An ever-optimistic Mr Meij, despite having just handed down a 74.4 per cent dive in full-year net profit that missed analysts forecasts, a slashed dividend and flat sales, said the pizza maker was “already rebounding” from a tough 2023 and pointed to strong sales growth across its stores in Australia, New Zealand and Europe for the start of the 2024 fiscal year.
Mr Meij said the company would have the tailwinds this year from reduced food, energy and transport inflation, which would help mitigate the cost of a 5.75 per cent lift in wages via the Fair Work Commission.
Domino’s also would not have to lift its pizza prices in 2024, as it did last year to counter double-digit inflation in core food ingredients such as cheese, meat and wheat, while fast food chains offering burgers would probably have to – making his pizzas more price competitive.
“We won’t have to increase prices this year as they are now because of the fact we have tailwinds behind us … and we are talking about a menu that is pretty much set,” Mr Meij said.
With the shift back to in-home dining as consumers retreat from restaurants and cafes to save money, he said Domino’s was in the perfect position to capture this growth.
“Our mission is to be the dominant, sustainable, delivery quick service restaurant,” he said.
“All of our meals are consumed off premises so all of our meals are consumed in home, or an office or in a park, and so we’re benefiting from the in-home consumption.
“Now, we lost some share to other categories last year, like burgers, when we weren’t as competitive. Last year they didn’t take price increases as fast as we did. Now they (burgers) are pushing up their prices and we are not.
“And now we are seeing volumes up in our numbers.”
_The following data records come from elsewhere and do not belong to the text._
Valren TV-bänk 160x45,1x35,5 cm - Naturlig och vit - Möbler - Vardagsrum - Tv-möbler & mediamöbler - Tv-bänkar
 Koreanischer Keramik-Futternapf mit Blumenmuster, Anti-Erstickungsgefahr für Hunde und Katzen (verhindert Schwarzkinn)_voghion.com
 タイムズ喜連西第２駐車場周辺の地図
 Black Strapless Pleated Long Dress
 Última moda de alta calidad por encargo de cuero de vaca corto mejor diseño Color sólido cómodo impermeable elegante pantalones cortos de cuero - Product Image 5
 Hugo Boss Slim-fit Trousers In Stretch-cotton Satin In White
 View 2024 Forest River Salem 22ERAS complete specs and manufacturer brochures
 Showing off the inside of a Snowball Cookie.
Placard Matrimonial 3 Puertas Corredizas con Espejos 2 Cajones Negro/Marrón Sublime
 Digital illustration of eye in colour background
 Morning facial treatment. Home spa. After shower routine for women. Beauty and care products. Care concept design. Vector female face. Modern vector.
Domino’s, which has 3736 stores across Australia, New Zealand, Asia and Europe, on Wednesday said net profit fell 74.4 per cent to $40.6m, with earnings as much as 5 per cent below analyst expectations, as a year of inflationary pressures and customers revolting against price rises and delivery charges smashed earnings growth.
Underlying earnings fell 23 per cent to $201.7m.
The company said revenue for the 2023 fiscal year rose 3.5 per cent to $2.351bn. The company declared an unfranked final dividend of 42.6c a share, down from 68.1c last year, and payable on September 28.
At its peak in 2021, Domino’s shares were trading around $160, but a series of missteps, profit warnings and operational issues in some regions saw a fall of as much as 75 per cent and the loss of its reputation for being one of the market’s supercharged growth stocks.
Despite sales growth in Asia (Japan and Taiwan) falling 7.8 per cent since July, there was 6.6 same-store sales growth across Australia, New Zealand and Europe for the start of the 2024 fiscal year. Analysts also pointed to guidance of $33m-$40m in 2024 earnings improvement from cost savings initiatives, up from previous guidance of $25m-$30m.
Domino’s is also targeting as much as $63m in 2025 earnings improvement, also up on previous guidance.
Shares in Domino’s bounced on the result and promises of further cost savings – which will include as many as 200 job losses at its support centres around the world – to gain 10 per cent.
The shares later closed up 11.8 per cent at $53.70.
Mr Meij admitted he didn’t get the “value equation” right when the pizza giant decided to raise delivery fees to counter the massive inflation in the business, leading to a downturn in pizza orders.
He said earnings improvement in the 2024 fiscal year relied on rebuilding customer frequency and order volumes, with new products a proven path to increasing orders.